Age, pregnancy status, frailty, and coexisting medical conditions influence which drugs are acceptable. Corticosteroids can worsen diabetes, osteoporosis, hypertension, and mood disorders. Some immunosuppressants carry infection risk or may be unsuitable in liver disease, kidney disease, or cytopenias. Rituximab may be preferred when steroid toxicity is a major concern, while other agents may be avoided in patients with prior adverse reactions or higher baseline risk. Previous response to treatment is also important. A patient who relapses on steroid tapering may need a stronger steroid-sparing agent, whereas someone with an excellent response to one drug may remain on that regimen longer.

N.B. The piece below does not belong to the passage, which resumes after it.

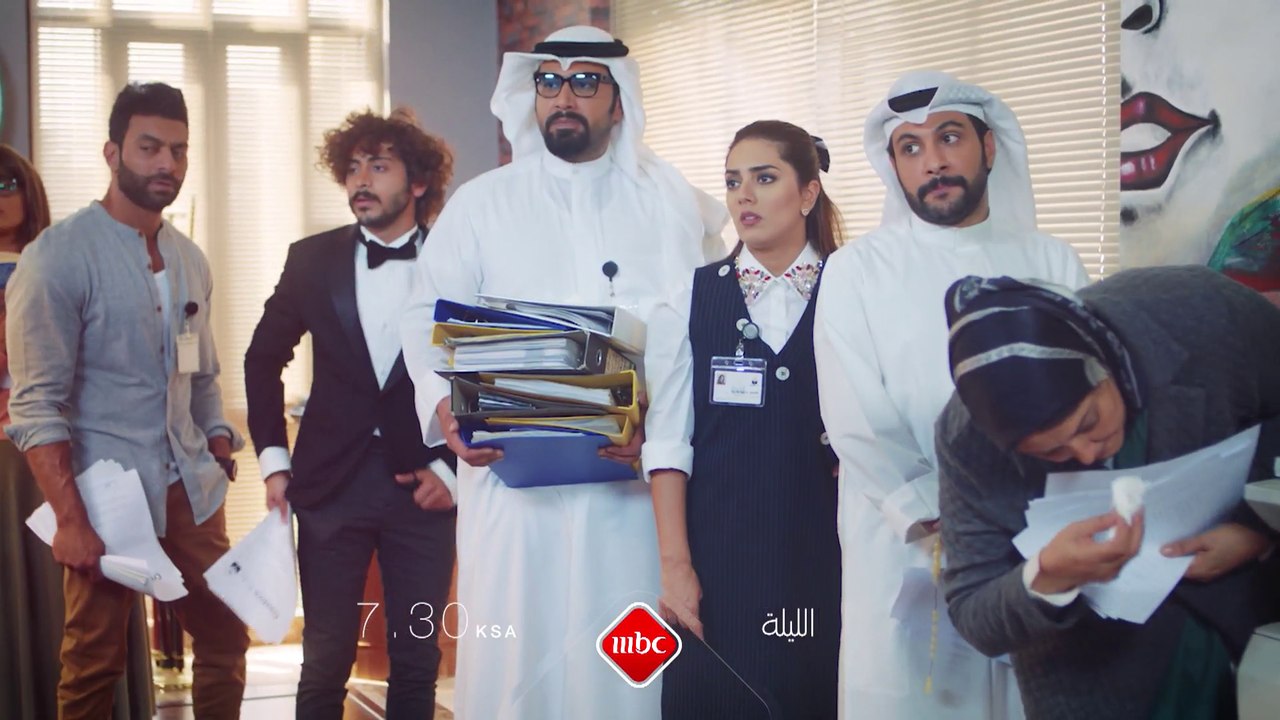 أحداث مشوقة ومواقف كوميدية.. رقم الحظ 7 الليلة على #MBC1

Potential Risks or Limitations of Treatment
The principal limitation of pemphigus vulgaris treatment is that most therapies suppress the immune response rather than directly correcting the autoimmune predisposition. As a result, relapse can occur when treatment is reduced or stopped. Because the disease mechanism involves long-lived immune memory and persistent autoantibody production, durable control may require prolonged therapy and careful follow-up.
Corticosteroids are effective but can cause metabolic and structural complications. Their biologic effects include decreased collagen synthesis, altered glucose metabolism, immune suppression, and bone loss. These changes explain why prolonged use can lead to osteoporosis, muscle weakness, infection risk, cataracts, and adrenal suppression. Steroid-sparing agents reduce the steroid burden but add their own risks. Azathioprine and mycophenolate can suppress bone marrow and increase susceptibility to infection. Cyclophosphamide can cause infertility, hemorrhagic cystitis, and malignancy risk through DNA damage. Rituximab can predispose to infection by depleting B cells needed for humoral immunity, and infusion reactions may occur during administration.
Procedural approaches also have limitations. Plasma exchange removes antibodies quickly, but because it does not stop their production, the effect is transient unless combined with immunosuppressive therapy. Supportive wound care helps preserve tissue function but cannot prevent new lesions if the autoimmune process remains active. These limitations reflect the underlying biology of pemphigus vulgaris: the disease is driven by a self-sustaining immune response that usually requires both rapid control and longer-term immune modulation.
Conclusion
Pemphigus vulgaris is treated through a combination of immune suppression, targeted B-cell depletion, antibody reduction strategies, and supportive care. Systemic corticosteroids reduce acute inflammatory activity, steroid-sparing agents lower the production of autoreactive lymphocytes, and rituximab directly depletes CD20-positive B cells that generate pathogenic antibodies. In selected severe cases, plasma exchange removes circulating antibodies more rapidly. Supportive care protects damaged skin and mucosa, prevents complications, and allows tissue repair.
These treatments are used because the disorder is fundamentally an autoimmune failure of epithelial adhesion. By reducing antibodies against desmogleins and limiting the immune processes that sustain them, treatment addresses both the symptoms and the underlying mechanism of blister formation. The overall objective is to restore barrier integrity, maintain remission, and reduce the long-term consequences of chronic immune suppression.